Kazakh President Nursultan Nazarbayev dissolved the lower house of parliament on Wednesday and called a snap parliamentary election for January 15-16, a presidential decree said.

The election from party lists will be held on January 15. Other deputies will be chosen by the People's Assembly of Kazakhstan, a consultative body loyal to Nazarbayev, the following day.

The presidential decree was published in the official gazette Kazakhstanskaya Pravda and is effective from the day of publication.

A snap parliamentary election had been widely predicted after the 71-year-old Nazarbayev won another five years in office in a presidential vote in April. The next parliamentary election had been scheduled for August 2012.

Kazakhstan's one-party lower house of parliament, Mazhilis,

asked the president last week to dissolve the chamber, in a move seen aimed at diluting the monopoly of Nazarbayev's Nur Otan ruling party in the Central Asian state.

Kazakhstan, an oil-producing former Soviet republic which has never held an election judged free and fair by Western monitors, plans to admit a nominal opposition presence to the Mazhilis lower house, now exclusively dominated by Nur Otan.

But many analysts expect the second-placed party to be widely sympathetic to the ruling party and pose no direct challenge to the leadership.

The harshly anti-Nazarbayev Alga! (Forward) party, repeatedly denied official registration, has called this election window-dressing for the West.

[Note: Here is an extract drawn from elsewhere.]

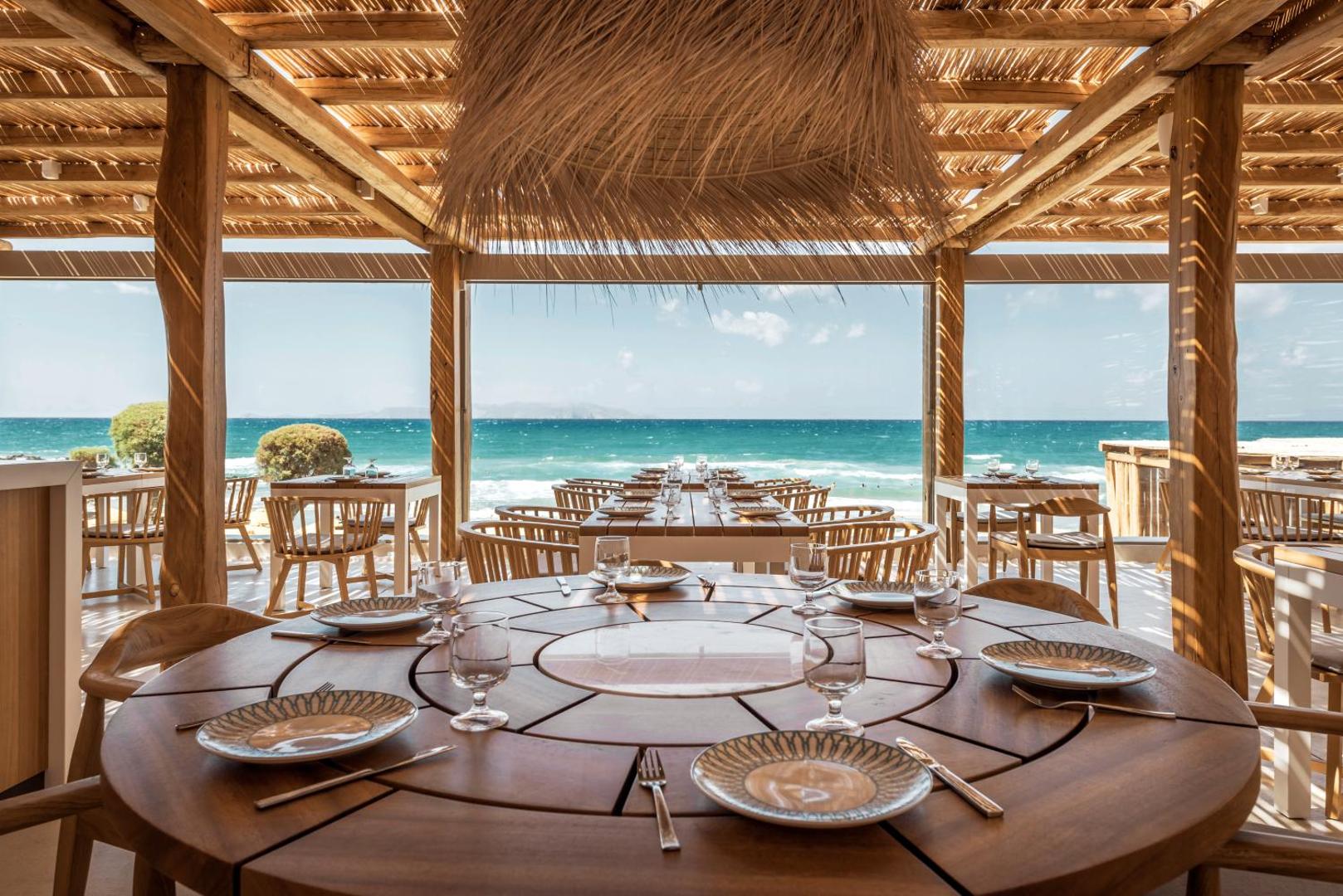 Mitsis Rinela Beach Resort restorāna apaļais galds ar skatu uz tirkīzzilo jūru — elegants galda klājums zem niedru jumta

Changes to the electoral law will permit the second-placed party in the next election to enter parliament even if it falls short of the 7 percent threshold that guarantees a presence.

Nazarbayev's Nur Otan party, which has 98 of the lower chamber's 107 seats, controls every facet of life in Kazakhstan and is widely expected to win an overwhelming election majority.

The other nine deputies are chosen by the People's Assembly of Kazakhstan, a consultative body loyal to Nazarbayev, and do not belong to any party.

Half a dozen loyalist parties are expected to run in the polls. The Ak Zhol party, representing big business and many of the country's elite - officially the second-largest party in the country by membership, is expected to win several seats.